The main problem with in this way is the `__init__` won't normally aware of the new argument `momentum`, so that argument will show up as `**kwargs` instead of showing the actual function.  While it wouldn't be difficult to look at the subclassing method for the arguments, what if you subclass MomentumTrainer?  You'd then need to go to the subclassing method of the parent class too. 

It's better if the init function signature said what all the arguments are all the way down the chain (subclassing method too) rather than having kwargs.  The `init_delegates` decorator handles that for us, as you can see below (momentum is added to the init signature).

In [None]:
import inspect
print(f"        Trainer.Init:   {inspect.signature(Trainer.__init__)}")
print(f"MomentumTrainer.Init:   {inspect.signature(MomentumTrainer.__init__)}")

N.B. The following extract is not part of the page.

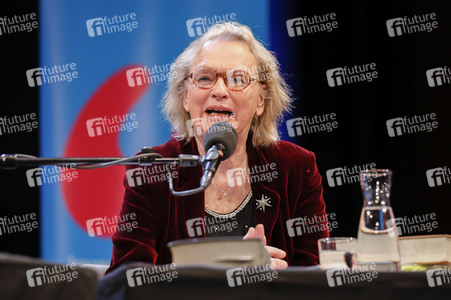 Elke Heidenreich, Dirk von Petersdorff und Marc-Aurel Floros auf der lit.Cologne 2023 in Köln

        Trainer.Init:   (self, dls, loss_func, opt_func, model, callbacks, **kwargs)
MomentumTrainer.Init:   (self, dls, loss_func, opt_func, model, callbacks, momentum=0.85)


:::{.callout-important}
##### `init_delegates` limitations

There are two known limitations of `init_delegates` currently.  I believe these aren't too hard to solve, but have not gotten to it yet.  If you want to see it fixed let me know and i'll jump on it.

1. The subclassing_method arguments must have defaults
1. The signature is not updating annotations

:::